President Donald Trump’s disparaging comment about Haiti, El Salvador and some African countries continued to resonate Monday at the 33rd annual Dr. Martin Luther King Jr. scholarship breakfast at the Connecticut Convention Center.
The event, one of several to mark Martin Luther King Jr. Day in Connecticut, is a major fundraiser for the Delta Sigma Theta Hartford Alumnae Chapter’s scholarship fund. More than 1,000 people filled the convention center’s ballroom for breakfast.
Much has happened in the 50 years since the pivotal year of 1968 — the year King was assassinated, the year the first black woman was elected to Congress and the year the Civil Rights Act of 1968, which is also known as the Fair Housing Act, passed — the Rev. Sara A. Sneed of Hartford’s Shiloh Baptist Church told the gathering.
“What happened in 1968 can provide a spark of hope for us today,” she said. King’s life should not be a moment people stare at, but an impetus for action, she said. “There is no more urgent time than now,” Sneed said.

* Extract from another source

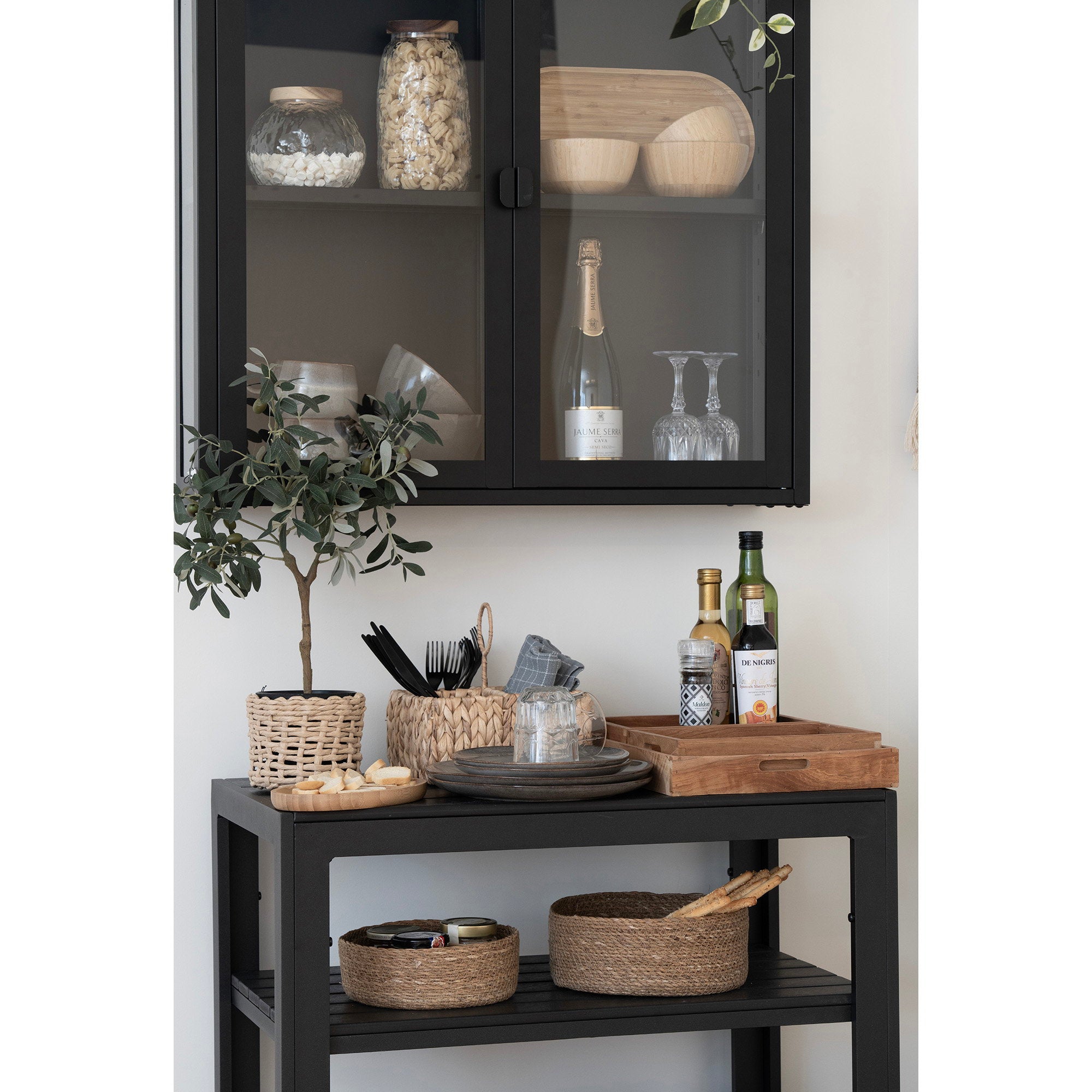 Chefalu Bowl — Natural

Tekisha Dwan Evertte of West Hartford, the Hartford chapter’s president, said Delta Sigma Theta has a long history of being involved. “We understand the importance of looking at our political and policy climate,” she said, nothing sorority members marched for women’s suffrage. “We are not going back in this country,” she said. “We are only going forward.”
Hartford Mayor Luke Bronin, who is exploring a run for governor, and U.S. Sen. Richard Blumenthal offered similar sentiments, but also took aim at Trump.
“Today, 50 years after Martin Luther King said he’d been to the mountaintop and seen the promise land, we have a president who calls Mexicans rapists, who says that Puerto Ricans are ungrateful, who says we don’t need any immigrants from Haiti or from Africa, and who says there are some very fine people among the hooded and torch-carrying racists in Charlottesville, and a person and majority in Congress who will let millions of children lose their health care, but give a tax cut to the very rich,” Bronin said. “So this is not the promised land. And yet, as Dr. King said, we cannot yield to a politics of despair.”
Bronin urged people live King’s legacy everyday by “working together … to bend the arc of the moral universe and American history back toward justice.”
The president’s comments can be discouraging to many, Blumenthal said. “When you’re tempted to go low,” Blumenthal said, remember King’s words: “Darkness cannot drive out darkness; only light can do that. Hate cannot drive out hate; only love can do that.”
Ramona Blake, global diversity and inclusion director for Farmington-based United Technologies, said King’s “clarion call” to fight racism, bigotry, inequity is timeless. She asked those at the breakfast what they were prepared to do to answer that call.
“In this age of hashtags around ‘staying woke’ and ‘me too,’ will our responses be limited to ‘likes’ or replies on social media? No matter where it is, let us take up Dr. King’s clarion call for justice for it is relevant today perhaps even more so than it ever was.”
At one point in her talk, Blake offered a happy Martin Luther King greeting from UTC, which was the signature sponsor for the event. And then she said happy Martin Luther King Day three more times — in Spanish for people from El Salvadore, in Swahili for people from Africa and in Haitian Creole for the people of Haiti.
The Hartford Alumnae Chapter of Delta Sigma Theta awards about $30,000 in scholarships each year to up to 16 Hartford area students who go onto college. The scholarships are renewable and the sorority has awarded $340,000 to 140 women over the years.
Several recipients attended Monday’s breakfast, including Desarae Cotton of Bloomfield, who is a freshman at Hofstra University. She said the scholarship helps cover her room and board expenses. Without it, she said she would not have been able to go to Hofstra.